Monthly Book Giveaway - January 2023

Succulent/Cactus/Miniature-plant Planter

Originally posted on August 28, 2020 (LumberJocks). A few months ago, I added a few coats of matte General Finishes High-Performance Topcoat. The Watco finish was looking a bit dull.

My wife decided to decorate one of our kitchen countertops with a set of three succulents or other miniature plants. She bought 3 1/4" diameter by 2 5/8" tall glass cups to hold them, and she wanted a wooden planter to display them as a unified collection.
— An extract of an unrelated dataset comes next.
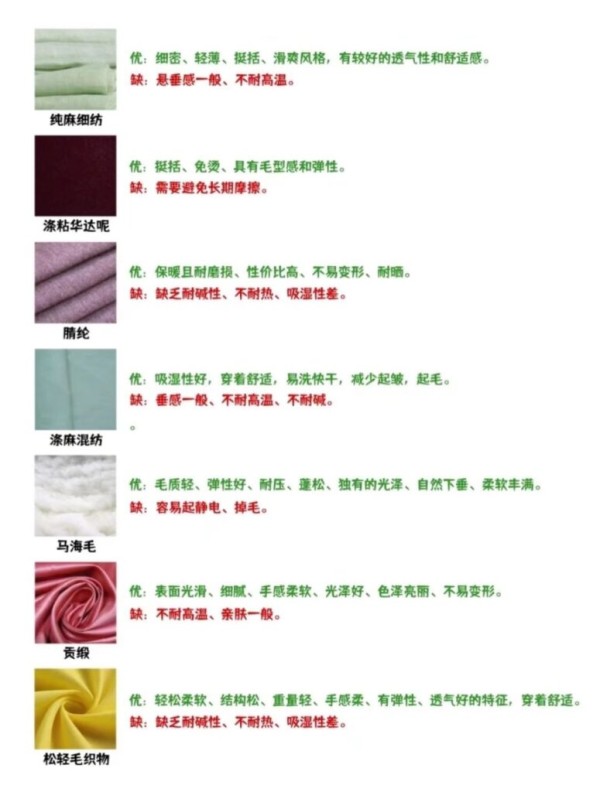 淘宝上买衣服怎么避坑(详解淘宝买衣服小技巧)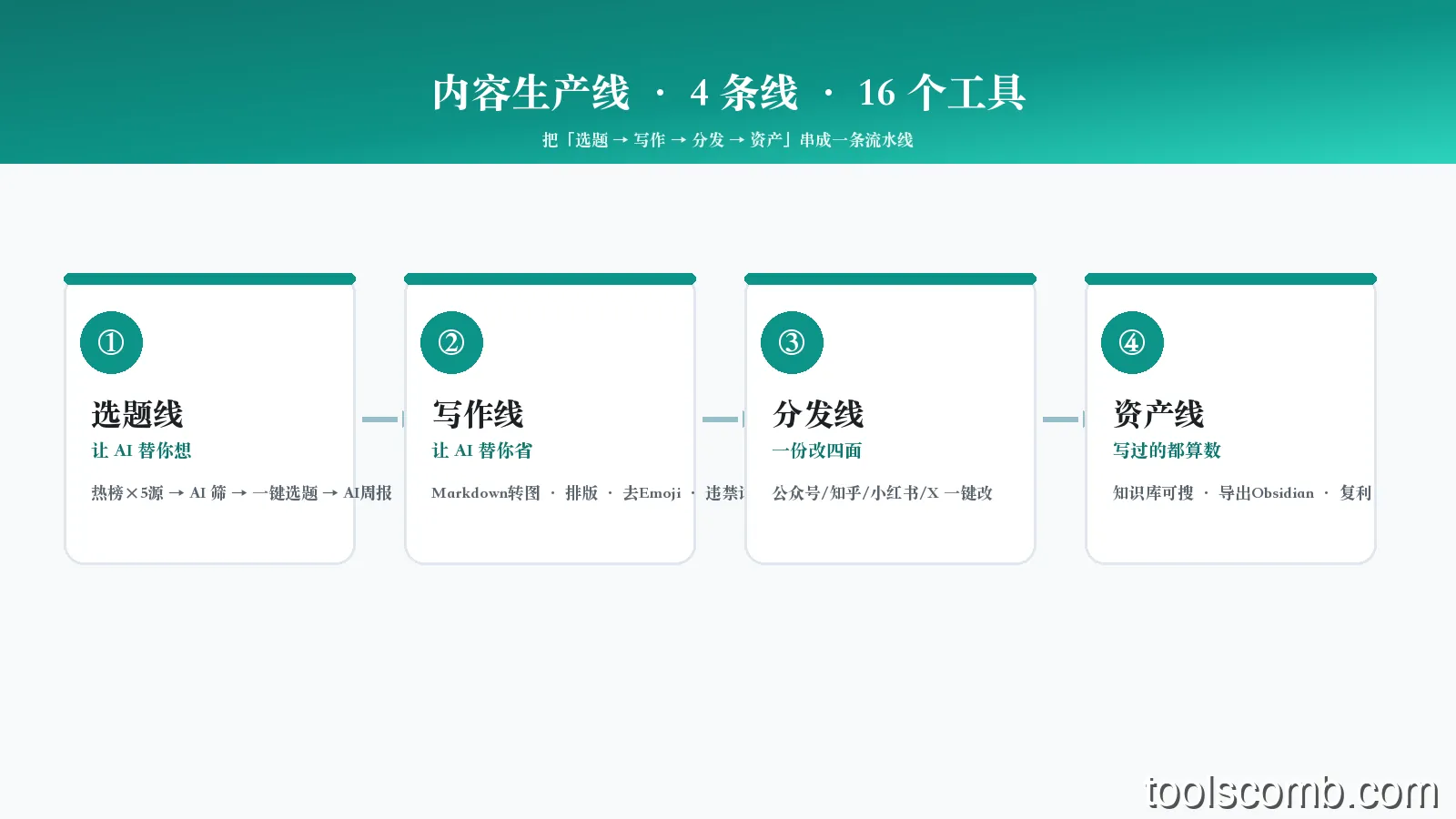 轻作:一个把 16 个内容工具做成一条生产线的开源本地工作台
Here's the planter I built for her. It's made of walnut, finished with Watco Danish oil. It's 17 1/4" long, 4 1/2" wide, and 3" tall. The glass cups sit in circular recesses with their rims flush with the top of the planter. I also drilled 1" finger holes in the bottom (centered in the cups' bases) to make it easier to remove the cups.

This was a relatively simple project, but I've included construction details and photos below.

My wife wanted the planter to look like it was made from a single block of wood. That ruled out a standard mitered or miter folded box.

I'm not aware of any source of 3" thick planks of walnut, so I knew I'd have to glue up several pieces. We decided to position the pieces vertically so the long sides of the box would be seamless.

We found a nice 6/4 walnut board at the lumber yard.

I cut three 3" slabs from it and arranged them to make the end grain look as continuous as possible.

The most challenging part of the project was figuring out how to cut the 3 5/16" diameter, 2 5/8" deep cup recesses. I wished I had a Forstner bit of that size (and a drill press strong enough to spin it), but I don't. I do have a Jasper circle cutting router jig, but I don't have any straight bits long enough to reach the bottom of the deep recesses.

I decided to build the planter as a hollow box, with the top and bottom sized to make the cups' rims sit flush with the top. Then I could easily cut holes through the top.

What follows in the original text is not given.